Physik ist magisch, man kann aus Spulen, Kondensatoren und Widerständen ein elektronisches Musikinstrument bauen und dann mit der Hand berührungslos die Tonhöhe bestimmen. Vorausgesetzt man hat akkurat und planvoll gearbeitet. „Wir haben gestern unsere erste Platine gelötet, das war ziemlich anstrengend, weil wir auch falsche Widerstände eingebaut haben, die wir dann wieder rauslöten mussten“, erzählt Gosia.

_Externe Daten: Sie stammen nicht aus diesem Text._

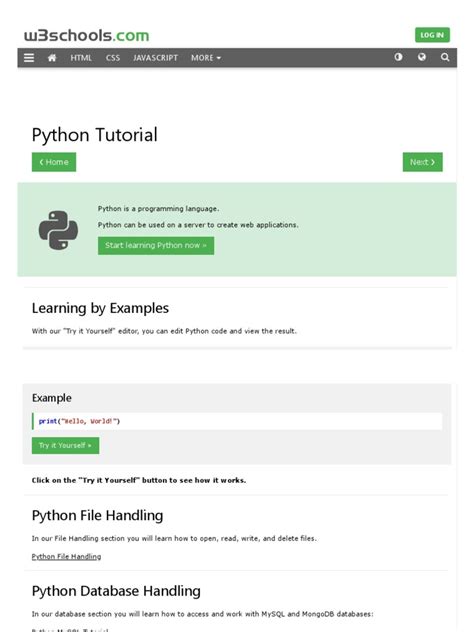 Python Language Tutorial に対する画像結果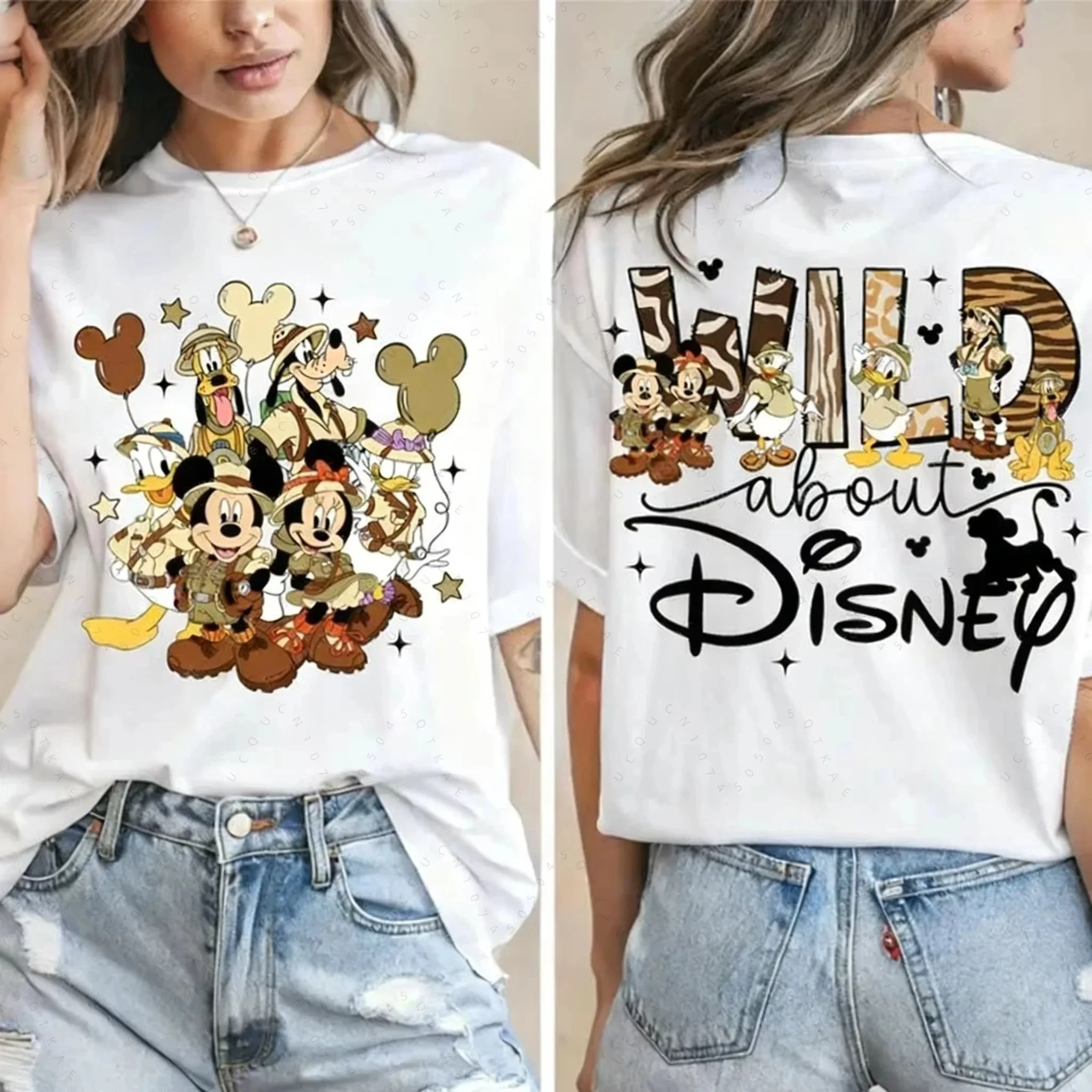 2026 Summer Safari Kingdom Cotton T-Shirt Summer Breathable Family T-Shirt Clothing Harajuku Parents and Children Clothing moto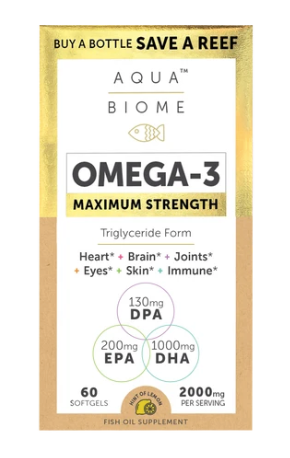 Aqua Biome Fish Oil Maximum Strength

Die 17-Jährige sitzt eine Woche vor den Sommerferien im gut gefüllten Physikraum des Lisa-Meitner-Gymnasiums. Es ist Projektwoche, jedes Oberstufenprofil hat ein anderes Thema. Physiklehrerin Anika Vogel hat vor sechs Jahren das „Theremin“ in den Ring geworfen, seitdem wurde die Aufgabenstellung ständig verfeinert. Im Hintergrund arbeitet ein gelernter Radio- und Fernsehtechniker mit: Es ist Vogels Vater.
Theremin: Zum Heulen schön
Den Anstoß gab ein Musiklehrer: Ob Vogel nicht mal einen Theremin löten könne, die Geräte seien teuer, aber es gebe Anleitungen im Internet. Das musste die Physikerin erst mal googeln, dann englischsprachige Bauanleitungen für ihren Vater und seinen ersten Prototypen übersetzen: „Der Wunsch war, so wenig integrierte Bauteile wie möglich zu verwenden, damit die Schüler auch verstehen, was sie bauen.“ Das allerdings ist ein hohes Ziel. Drei Platinen werden benötigt, die Schüler bohren, planen und löten selbst, nur die erste Platine ist schon vorgefertigt: „Das ist wie Malen nach Zahlen“, erklärt Vogel. Für die anderen beiden Schwingkreise gibt es lediglich einen Bauplan. „Das Schaltungslayout müssen die Schüler selbst erfinden.“
Plan B: Selbstorganisation ist gefragt
Der Tisch von Gosia ist da einen großen Schritt weiter: Jeweils eine Gruppe von rund sechs Schülern hat sich entweder um Plan A oder B gekümmert, damit stehen jetzt die Schaltungslayouts und müssen „nur“ noch nachgebaut werden. „Es ist nicht vorgeschrieben, wie wir arbeiten“, erklärt Alma. Jeder Profilschüler soll am Ende sein Theremin mit nach Hause nehmen. „Aber als Gruppe findet man die Fehler schneller.“ Die 17-Jährige hat eine Liste technischer Daten auf ihrem Schreibblock notiert, nun holt sie die entsprechenden Bauteile aus dem Schubladenmagazin und steckt diese durch das Papier: So geht nichts verloren. Wenn Alma alles richtig gesteckt, gelötet und die Funktionalität am Oszilloskop überprüft hat, darf sie auf der Tafel einen zweiten Haken hinter ihrem Namen machen – und zwei von drei Platinen sind fertig.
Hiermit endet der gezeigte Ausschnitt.